Chen was known for injecting new elements into the classical technique of gongbi and this painting is one of the key examples. According to Wan, this work demonstrates Chen's expertise in Japanese pattern design with interlocking branches of the plum tree forming a maze-like composition. But rather than chaos, this is a maze of vitality, as the plum tree is in full bloom in winter. It is lauding the continued vitality of an old plum tree, whose age is revealed by the wrinkled texture of the main trunk. The copper-toned paper provides a dimmer background to accentuate the white plum blossoms that symbolise otherworldly purity.
Artist and critic Le Changhai has offered an optimistic view of this seemingly sombre painting. Also on relatively dark-coloured paper, the work features lotus leaves in the process of decay as winter approaches. Rather than portraying a sad picture, however, Le argued that the painting offered an insight into a different form of vitality in a cooler season. “It paints a picture of tranquillity in autumn. Pay attention to the little egret resting between the lotus leaves by the pond,” he wrote.
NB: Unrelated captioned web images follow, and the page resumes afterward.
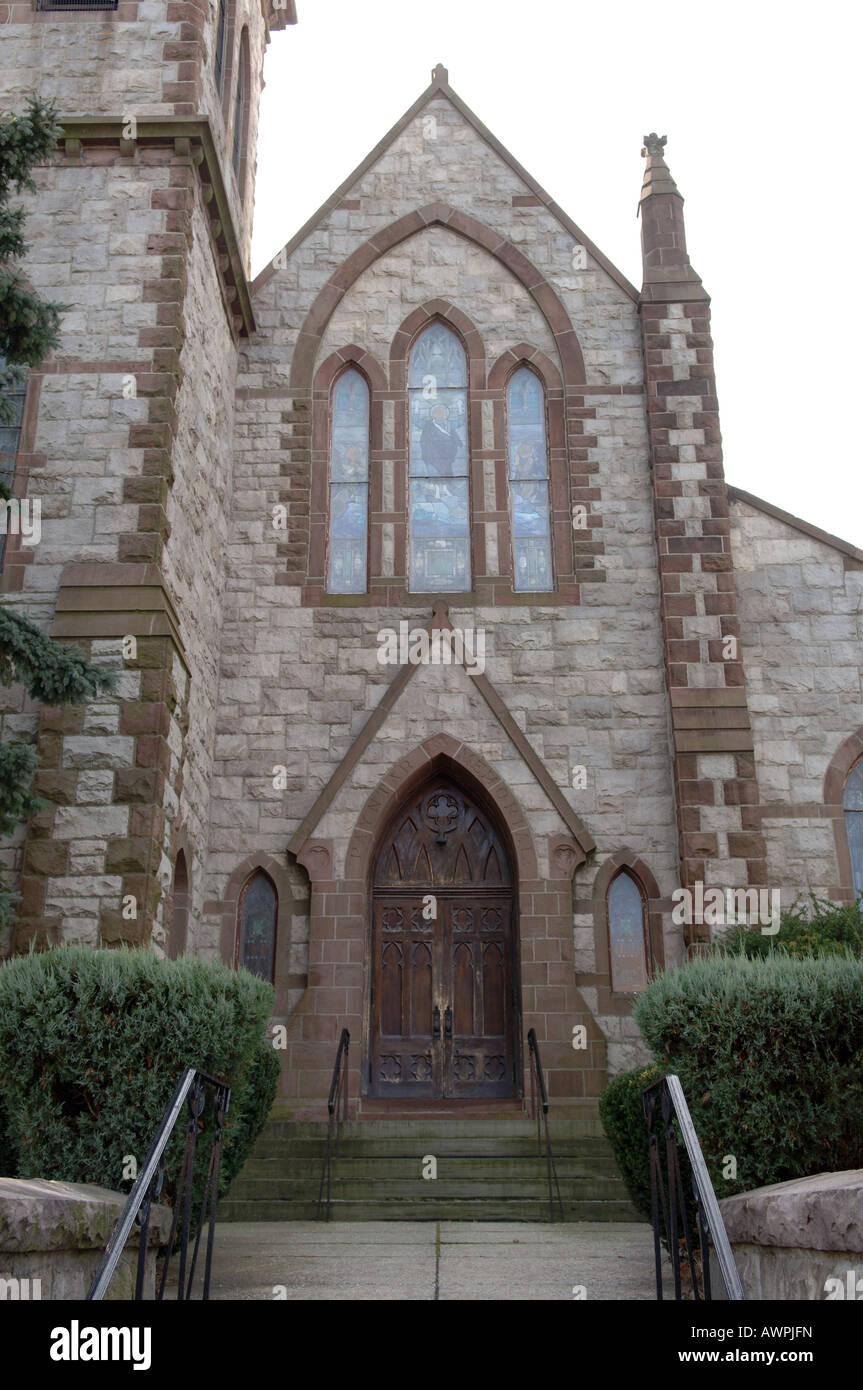 First Presbyterian Church Elmhurst The multi cultural Elmhurst Queens neighborhood in NYC Stock Photo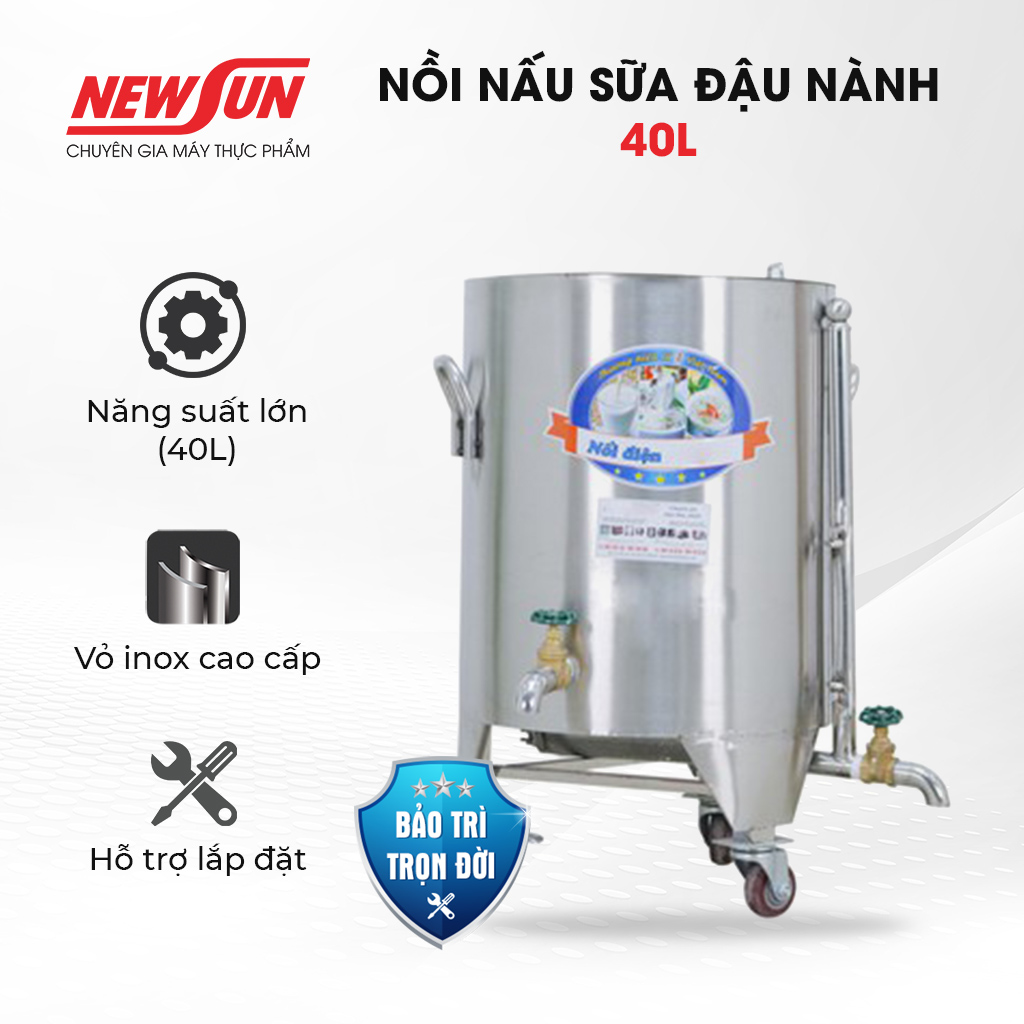 Nồi Nấu Sữa Đậu Nành Công Nghiệp NEWSUN 40L - Hàng Chính Hãng - Nấu Sữa Thơm Ngon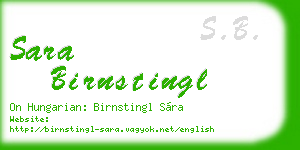 sara birnstingl business card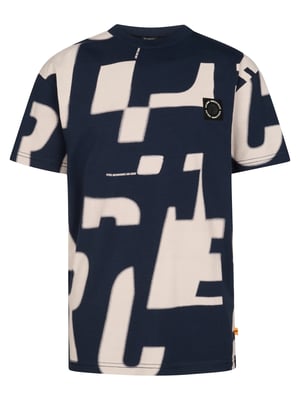 Petrol Industries - Jongens T-shirt met all-over print Montaña - Blauw
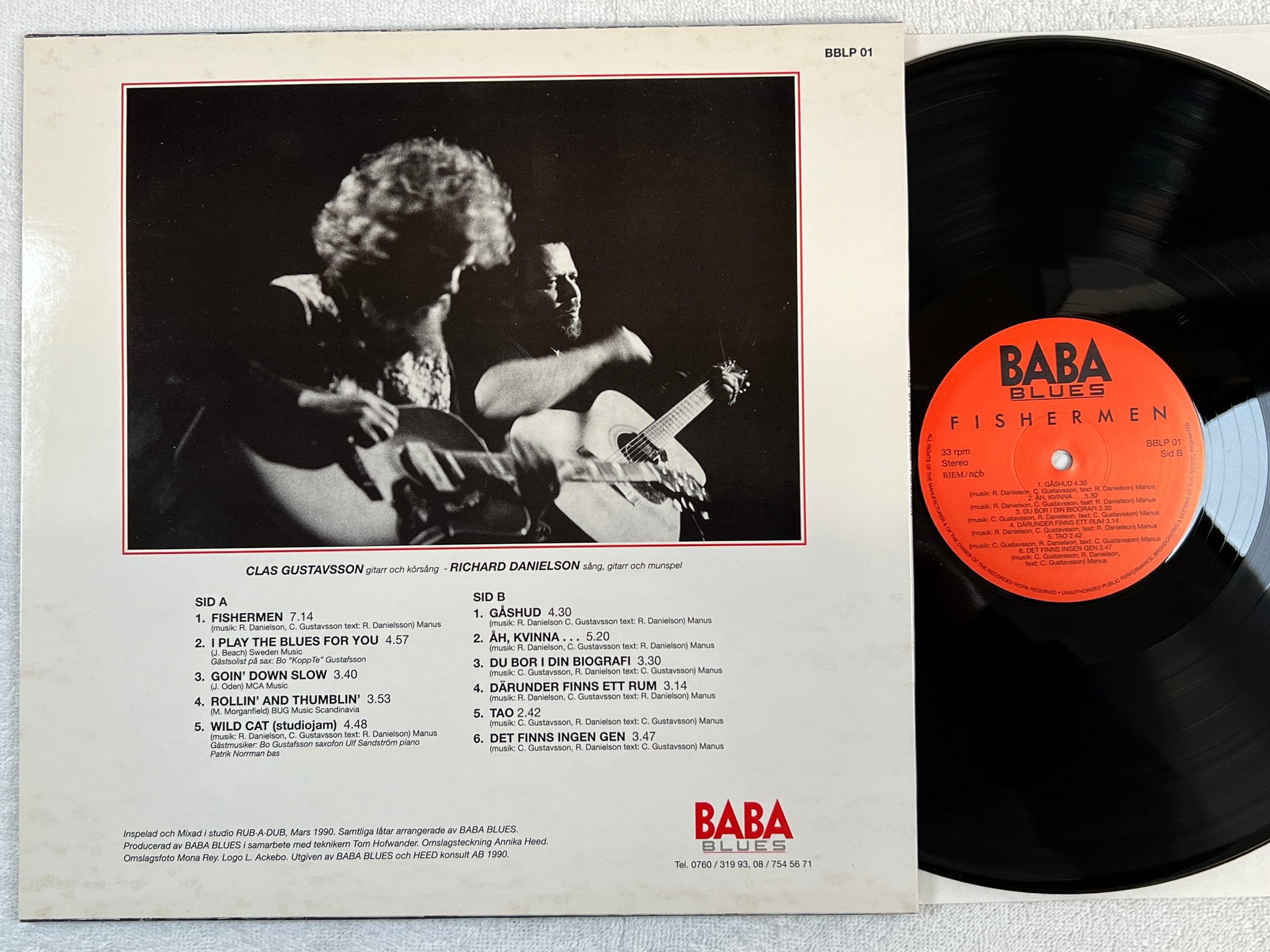 Omslagsbild för skivan BABA BLUES fishermen LP -90 Swe BBLP 01 private press blues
As Wan pointed out, the year 1949 was a watershed for Chen’s painting style, and this piece is one of the best examples to demonstrate the dramatic transformation. “He was expressing a festive mood with magnolia and magpies,” said Wan. “Magpies are a joyful symbol in Chinese culture. Through the combination, he painted the social mood of the country at the time — a festive, prosperous China.”
The Warm Water of Spring River, also from 1960, depicts a duck in colourful feathers enjoying itself in the river and flirting with picturesque spring plants characterised by the auspicious colour of red. Wan said the eyes of the viewer are driven by the flamboyant branches of flowers from the top left corner to the bottom half of the painting in juxtaposing cool tone. “The contrast between warmth and coolness as well vibrancy and serenity creates a refreshing and harmonious composition that makes this a fine Chinese painting,” he said.
Today, despite the acclaim for Chen’s mastery of modern gongbi, the market price for his paintings – unlike those of his peers from the same period, such as Li Keran, Fu Baoshi or even Zhang Daqian – remains relatively low.
The sale price of HK$812,500 (about US$103,000) for his 1948 painting Perching by Winter Blossoms at a Sotheby’s auction in October 2018 was already one of the top prices for his work at an internationally recognised sale.
Wan said despite market prices for fine Chinese paintings having gone up dramatically in recent years, art auctions are not the only criteria to assess the value of an artist’s achievements.
Chen, who began creating gongbi paintings in his 40s, was unable to produce that many works before he died aged 66 in 1962.
"Chen did not leave us that many of his gongbi paintings," Wan said.
"These meticulous paintings that are so refined take ages to make.
"This exhibition is one great opportunity to experience Chen’s determination in the pursuit of truth and beauty through his paintings."